• Records shown:

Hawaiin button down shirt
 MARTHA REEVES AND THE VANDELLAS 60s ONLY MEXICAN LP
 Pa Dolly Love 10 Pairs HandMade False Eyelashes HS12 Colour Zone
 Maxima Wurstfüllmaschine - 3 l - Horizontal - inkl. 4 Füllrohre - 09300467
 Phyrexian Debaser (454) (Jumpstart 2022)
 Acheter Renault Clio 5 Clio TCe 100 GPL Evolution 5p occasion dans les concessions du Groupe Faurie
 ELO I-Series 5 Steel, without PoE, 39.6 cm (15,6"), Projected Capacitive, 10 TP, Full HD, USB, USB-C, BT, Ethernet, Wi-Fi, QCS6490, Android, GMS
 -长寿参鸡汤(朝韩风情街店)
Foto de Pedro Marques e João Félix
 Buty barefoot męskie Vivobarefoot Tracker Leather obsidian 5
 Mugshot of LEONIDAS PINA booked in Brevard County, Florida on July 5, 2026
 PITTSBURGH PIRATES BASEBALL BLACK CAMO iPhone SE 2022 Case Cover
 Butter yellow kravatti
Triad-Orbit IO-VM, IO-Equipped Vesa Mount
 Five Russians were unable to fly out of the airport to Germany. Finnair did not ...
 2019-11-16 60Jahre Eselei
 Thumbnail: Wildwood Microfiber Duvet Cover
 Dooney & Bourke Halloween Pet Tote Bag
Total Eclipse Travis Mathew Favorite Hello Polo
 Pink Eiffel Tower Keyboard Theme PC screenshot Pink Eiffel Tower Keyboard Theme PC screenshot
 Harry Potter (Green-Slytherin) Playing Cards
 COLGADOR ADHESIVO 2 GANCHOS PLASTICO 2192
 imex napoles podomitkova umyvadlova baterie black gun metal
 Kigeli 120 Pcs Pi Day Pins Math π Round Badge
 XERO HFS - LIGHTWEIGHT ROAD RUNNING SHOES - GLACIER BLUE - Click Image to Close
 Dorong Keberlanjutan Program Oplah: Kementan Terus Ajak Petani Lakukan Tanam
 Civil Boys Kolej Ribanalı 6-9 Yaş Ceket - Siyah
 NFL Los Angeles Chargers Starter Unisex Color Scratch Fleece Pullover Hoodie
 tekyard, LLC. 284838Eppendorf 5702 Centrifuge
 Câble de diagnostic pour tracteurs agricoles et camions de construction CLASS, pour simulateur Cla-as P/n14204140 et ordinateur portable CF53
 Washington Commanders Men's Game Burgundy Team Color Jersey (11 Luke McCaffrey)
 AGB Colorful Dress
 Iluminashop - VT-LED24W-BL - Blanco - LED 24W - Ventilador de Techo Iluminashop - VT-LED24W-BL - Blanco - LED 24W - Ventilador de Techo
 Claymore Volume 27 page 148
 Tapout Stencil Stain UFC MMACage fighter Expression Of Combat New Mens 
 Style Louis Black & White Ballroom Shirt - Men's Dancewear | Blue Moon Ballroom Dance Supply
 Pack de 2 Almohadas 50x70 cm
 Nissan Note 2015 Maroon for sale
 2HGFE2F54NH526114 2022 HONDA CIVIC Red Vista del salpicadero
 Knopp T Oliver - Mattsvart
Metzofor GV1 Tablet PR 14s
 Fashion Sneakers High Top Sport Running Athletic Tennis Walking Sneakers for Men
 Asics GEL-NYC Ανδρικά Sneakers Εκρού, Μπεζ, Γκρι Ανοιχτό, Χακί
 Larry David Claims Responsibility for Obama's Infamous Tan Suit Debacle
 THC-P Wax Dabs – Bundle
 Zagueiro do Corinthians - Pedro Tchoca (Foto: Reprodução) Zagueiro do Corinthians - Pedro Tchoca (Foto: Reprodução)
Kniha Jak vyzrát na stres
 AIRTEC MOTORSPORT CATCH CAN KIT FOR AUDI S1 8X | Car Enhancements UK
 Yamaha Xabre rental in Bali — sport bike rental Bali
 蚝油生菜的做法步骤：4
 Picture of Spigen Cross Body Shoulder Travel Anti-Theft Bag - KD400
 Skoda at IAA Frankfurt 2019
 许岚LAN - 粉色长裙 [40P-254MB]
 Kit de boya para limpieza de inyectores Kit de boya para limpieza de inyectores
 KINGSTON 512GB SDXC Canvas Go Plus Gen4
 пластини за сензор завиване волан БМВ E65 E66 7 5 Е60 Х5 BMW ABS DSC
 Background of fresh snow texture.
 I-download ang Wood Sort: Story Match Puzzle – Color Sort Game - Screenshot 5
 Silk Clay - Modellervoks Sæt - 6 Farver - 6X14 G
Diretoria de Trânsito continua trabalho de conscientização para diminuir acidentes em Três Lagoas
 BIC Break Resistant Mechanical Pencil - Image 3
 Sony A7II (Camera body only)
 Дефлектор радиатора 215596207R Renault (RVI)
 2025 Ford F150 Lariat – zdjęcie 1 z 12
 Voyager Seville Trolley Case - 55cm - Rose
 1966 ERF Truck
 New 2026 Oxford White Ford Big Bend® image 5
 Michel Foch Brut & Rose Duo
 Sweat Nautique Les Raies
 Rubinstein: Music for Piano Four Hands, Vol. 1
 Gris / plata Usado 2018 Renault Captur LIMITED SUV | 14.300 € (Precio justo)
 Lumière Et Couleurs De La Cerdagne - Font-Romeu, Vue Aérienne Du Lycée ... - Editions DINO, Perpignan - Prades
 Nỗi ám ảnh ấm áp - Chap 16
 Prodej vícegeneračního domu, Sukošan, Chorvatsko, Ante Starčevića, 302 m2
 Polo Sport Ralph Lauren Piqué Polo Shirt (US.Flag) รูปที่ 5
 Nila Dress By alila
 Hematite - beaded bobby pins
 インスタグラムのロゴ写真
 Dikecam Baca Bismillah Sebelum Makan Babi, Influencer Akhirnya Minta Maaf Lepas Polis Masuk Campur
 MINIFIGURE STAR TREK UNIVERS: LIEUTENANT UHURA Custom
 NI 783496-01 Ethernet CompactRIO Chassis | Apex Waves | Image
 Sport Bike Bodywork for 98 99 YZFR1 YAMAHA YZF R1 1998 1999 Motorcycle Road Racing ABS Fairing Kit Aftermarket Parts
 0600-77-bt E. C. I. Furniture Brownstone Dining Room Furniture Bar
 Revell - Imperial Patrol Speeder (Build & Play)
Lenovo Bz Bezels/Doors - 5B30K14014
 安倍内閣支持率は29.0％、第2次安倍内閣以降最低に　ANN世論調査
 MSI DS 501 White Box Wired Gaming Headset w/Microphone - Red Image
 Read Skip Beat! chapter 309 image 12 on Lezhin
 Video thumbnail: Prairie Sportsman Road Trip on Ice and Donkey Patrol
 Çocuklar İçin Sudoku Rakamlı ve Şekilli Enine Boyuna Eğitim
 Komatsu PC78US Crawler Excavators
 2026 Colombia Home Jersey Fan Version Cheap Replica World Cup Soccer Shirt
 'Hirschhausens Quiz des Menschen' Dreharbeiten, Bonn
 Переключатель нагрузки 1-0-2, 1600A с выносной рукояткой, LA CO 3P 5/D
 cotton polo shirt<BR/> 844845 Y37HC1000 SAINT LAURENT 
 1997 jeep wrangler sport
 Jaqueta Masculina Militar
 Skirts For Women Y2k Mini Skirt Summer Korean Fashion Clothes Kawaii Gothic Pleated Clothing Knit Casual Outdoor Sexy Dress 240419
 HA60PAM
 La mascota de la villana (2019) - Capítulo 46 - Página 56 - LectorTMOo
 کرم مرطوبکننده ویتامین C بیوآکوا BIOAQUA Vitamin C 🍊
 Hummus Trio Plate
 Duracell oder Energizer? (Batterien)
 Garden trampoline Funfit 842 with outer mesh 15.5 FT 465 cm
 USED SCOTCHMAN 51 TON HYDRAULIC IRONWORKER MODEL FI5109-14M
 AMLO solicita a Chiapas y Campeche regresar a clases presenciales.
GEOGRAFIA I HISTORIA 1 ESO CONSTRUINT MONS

• Your instructions: Within the material above, copy exactly the lines from the line that holds "Yamaha Xabre rental" up to and including the line that holds "MINIFIGURE STAR TREK".

• Output:
 Yamaha Xabre rental in Bali — sport bike rental Bali
 蚝油生菜的做法步骤：4
 Picture of Spigen Cross Body Shoulder Travel Anti-Theft Bag - KD400
 Skoda at IAA Frankfurt 2019
 许岚LAN - 粉色长裙 [40P-254MB]
 Kit de boya para limpieza de inyectores Kit de boya para limpieza de inyectores
 KINGSTON 512GB SDXC Canvas Go Plus Gen4
 пластини за сензор завиване волан БМВ E65 E66 7 5 Е60 Х5 BMW ABS DSC
 Background of fresh snow texture.
 I-download ang Wood Sort: Story Match Puzzle – Color Sort Game - Screenshot 5
 Silk Clay - Modellervoks Sæt - 6 Farver - 6X14 G
Diretoria de Trânsito continua trabalho de conscientização para diminuir acidentes em Três Lagoas
 BIC Break Resistant Mechanical Pencil - Image 3
 Sony A7II (Camera body only)
 Дефлектор радиатора 215596207R Renault (RVI)
 2025 Ford F150 Lariat – zdjęcie 1 z 12
 Voyager Seville Trolley Case - 55cm - Rose
 1966 ERF Truck
 New 2026 Oxford White Ford Big Bend® image 5
 Michel Foch Brut & Rose Duo
 Sweat Nautique Les Raies
 Rubinstein: Music for Piano Four Hands, Vol. 1
 Gris / plata Usado 2018 Renault Captur LIMITED SUV | 14.300 € (Precio justo)
 Lumière Et Couleurs De La Cerdagne - Font-Romeu, Vue Aérienne Du Lycée ... - Editions DINO, Perpignan - Prades
 Nỗi ám ảnh ấm áp - Chap 16
 Prodej vícegeneračního domu, Sukošan, Chorvatsko, Ante Starčevića, 302 m2
 Polo Sport Ralph Lauren Piqué Polo Shirt (US.Flag) รูปที่ 5
 Nila Dress By alila
 Hematite - beaded bobby pins
 インスタグラムのロゴ写真
 Dikecam Baca Bismillah Sebelum Makan Babi, Influencer Akhirnya Minta Maaf Lepas Polis Masuk Campur
 MINIFIGURE STAR TREK UNIVERS: LIEUTENANT UHURA Custom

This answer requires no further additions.